Entries supplied:
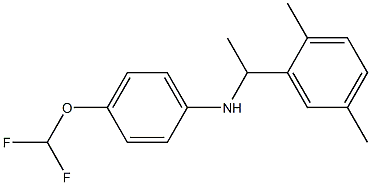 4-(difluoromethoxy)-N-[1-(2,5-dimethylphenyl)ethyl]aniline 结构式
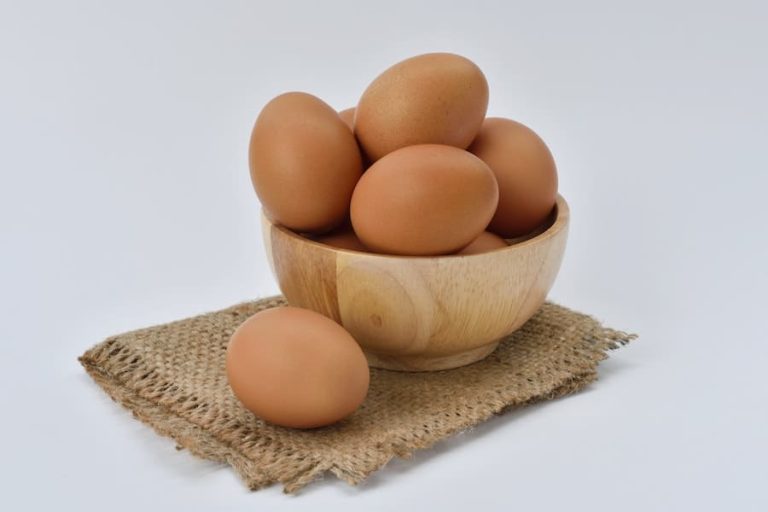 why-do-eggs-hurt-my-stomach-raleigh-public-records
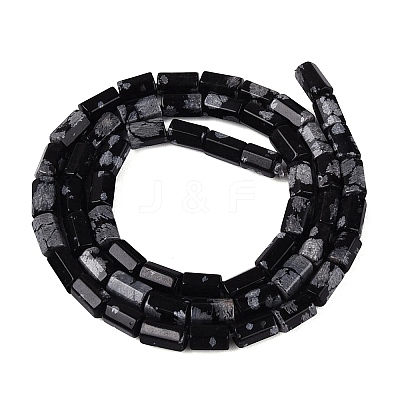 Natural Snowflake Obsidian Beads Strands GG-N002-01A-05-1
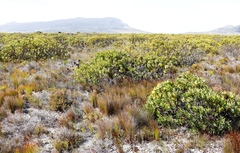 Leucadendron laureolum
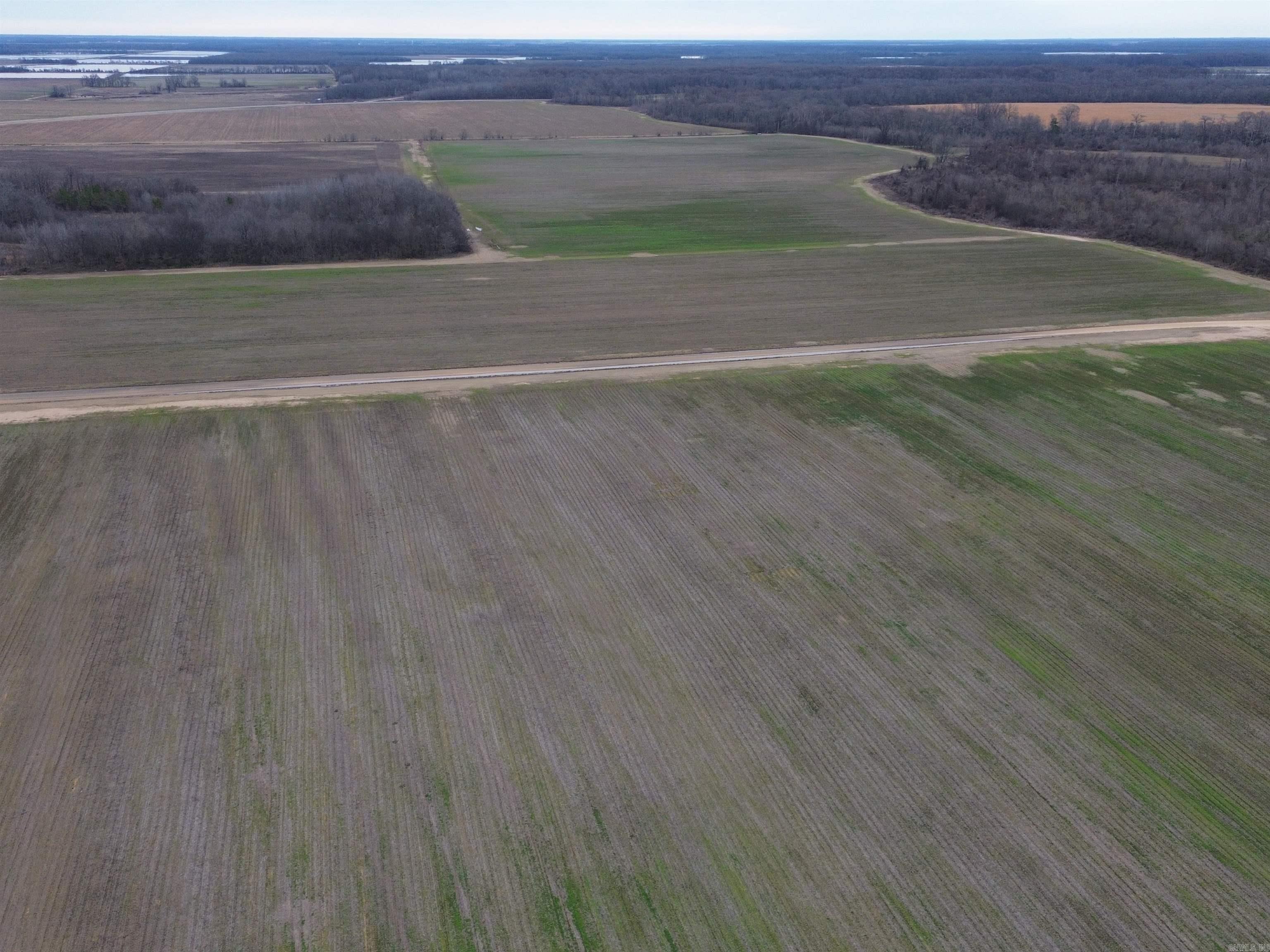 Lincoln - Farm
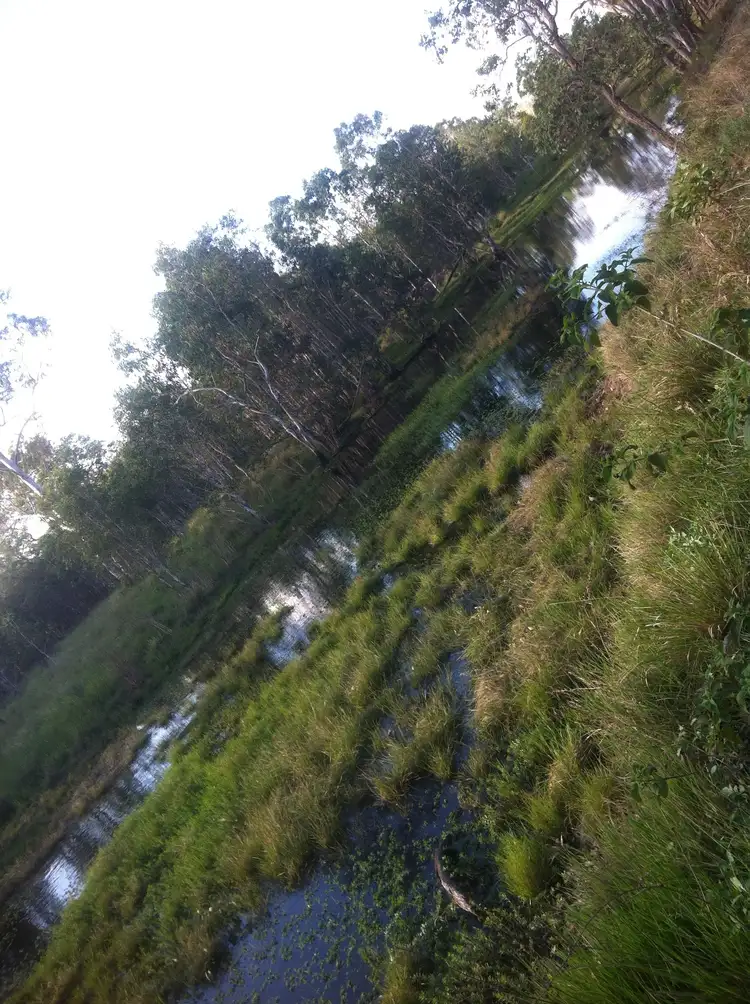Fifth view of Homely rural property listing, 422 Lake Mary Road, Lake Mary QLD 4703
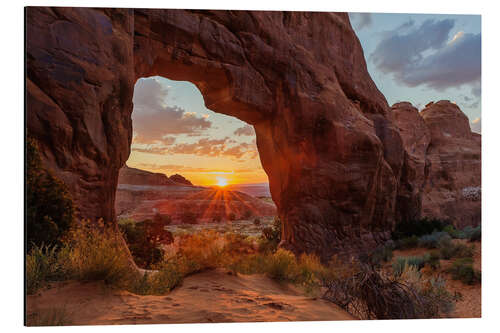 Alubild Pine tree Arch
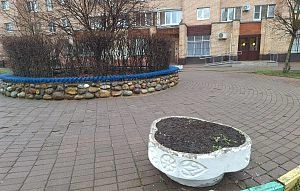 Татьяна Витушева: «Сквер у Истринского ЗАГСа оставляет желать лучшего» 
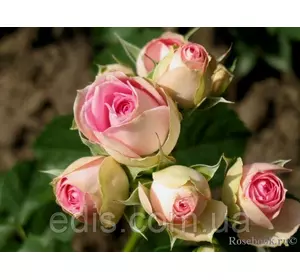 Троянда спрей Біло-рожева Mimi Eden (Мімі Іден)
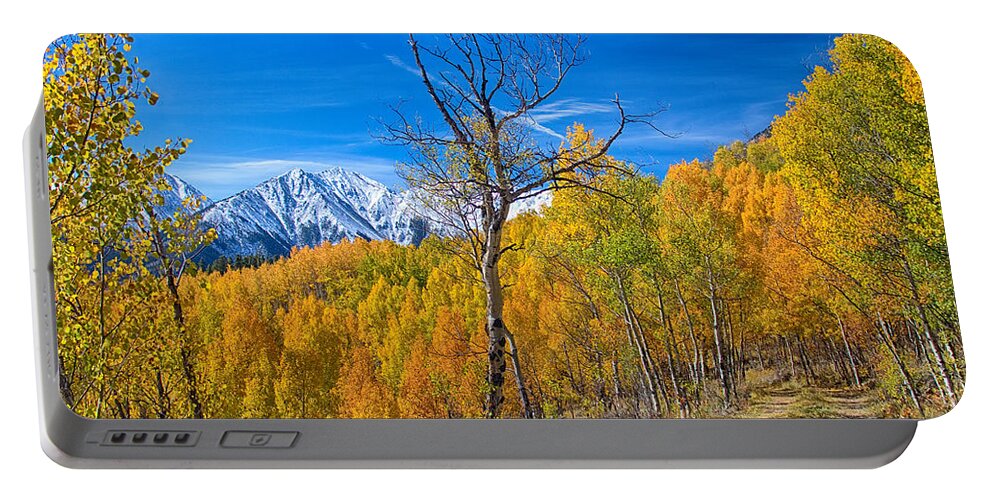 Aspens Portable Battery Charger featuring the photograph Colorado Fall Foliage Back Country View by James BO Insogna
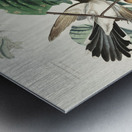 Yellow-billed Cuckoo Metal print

--

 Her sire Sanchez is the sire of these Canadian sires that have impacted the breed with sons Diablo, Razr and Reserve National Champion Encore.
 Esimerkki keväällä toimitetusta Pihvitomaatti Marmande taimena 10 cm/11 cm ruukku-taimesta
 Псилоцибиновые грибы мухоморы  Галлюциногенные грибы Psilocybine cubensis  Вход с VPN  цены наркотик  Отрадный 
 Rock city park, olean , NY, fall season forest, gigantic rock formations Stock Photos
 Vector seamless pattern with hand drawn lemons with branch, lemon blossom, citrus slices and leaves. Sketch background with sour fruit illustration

---

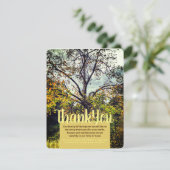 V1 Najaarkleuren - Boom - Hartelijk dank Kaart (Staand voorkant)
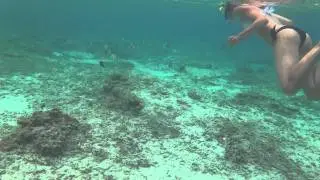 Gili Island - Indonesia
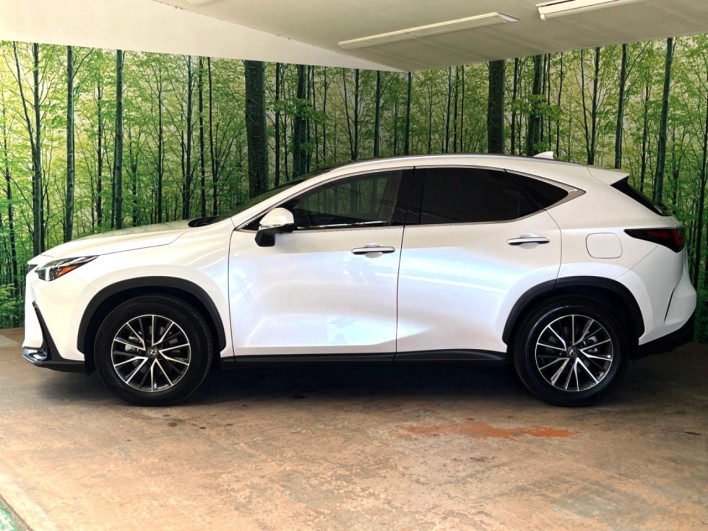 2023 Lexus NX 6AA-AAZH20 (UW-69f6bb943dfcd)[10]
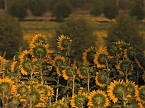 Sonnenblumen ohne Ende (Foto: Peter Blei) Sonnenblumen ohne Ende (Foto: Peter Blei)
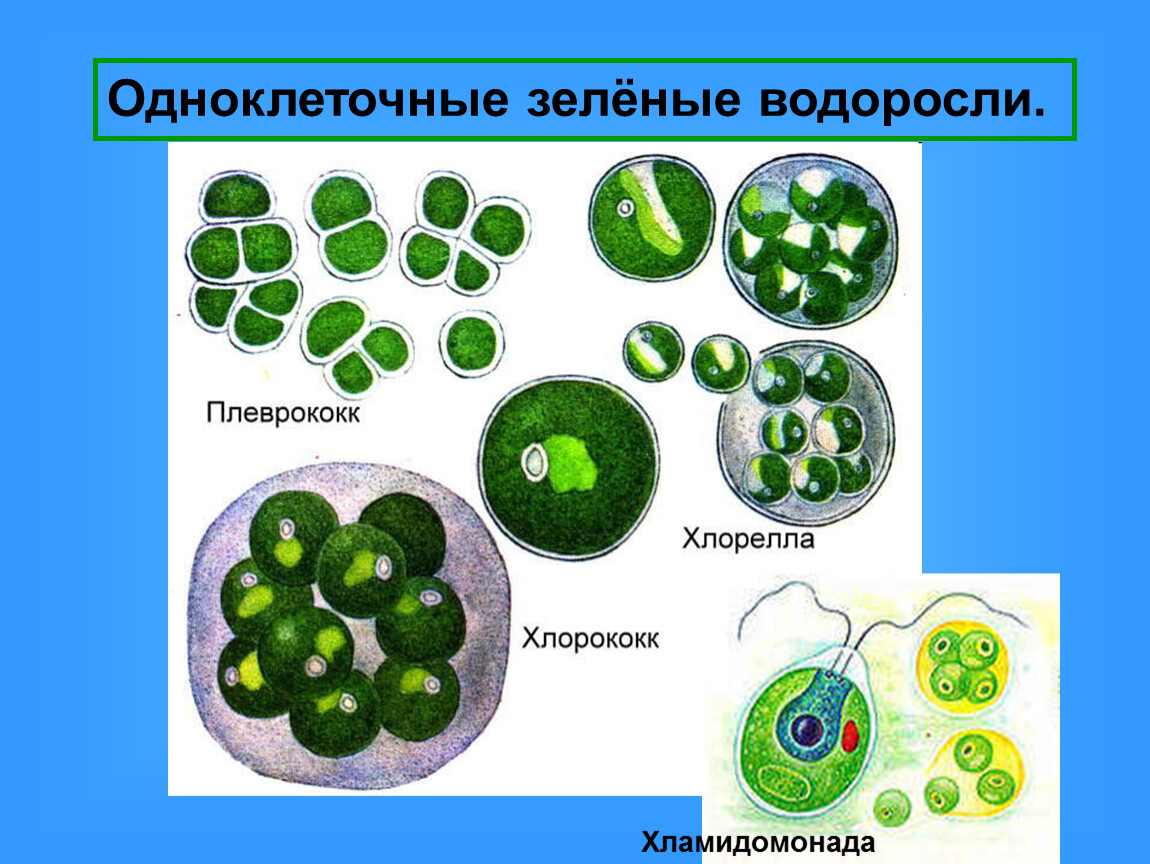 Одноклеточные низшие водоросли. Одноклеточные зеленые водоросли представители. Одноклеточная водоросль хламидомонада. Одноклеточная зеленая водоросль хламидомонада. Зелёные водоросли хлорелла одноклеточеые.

Task directions:
Across the records, how many lines contain "with"? Only the number should be given.

Solution for this problem:
2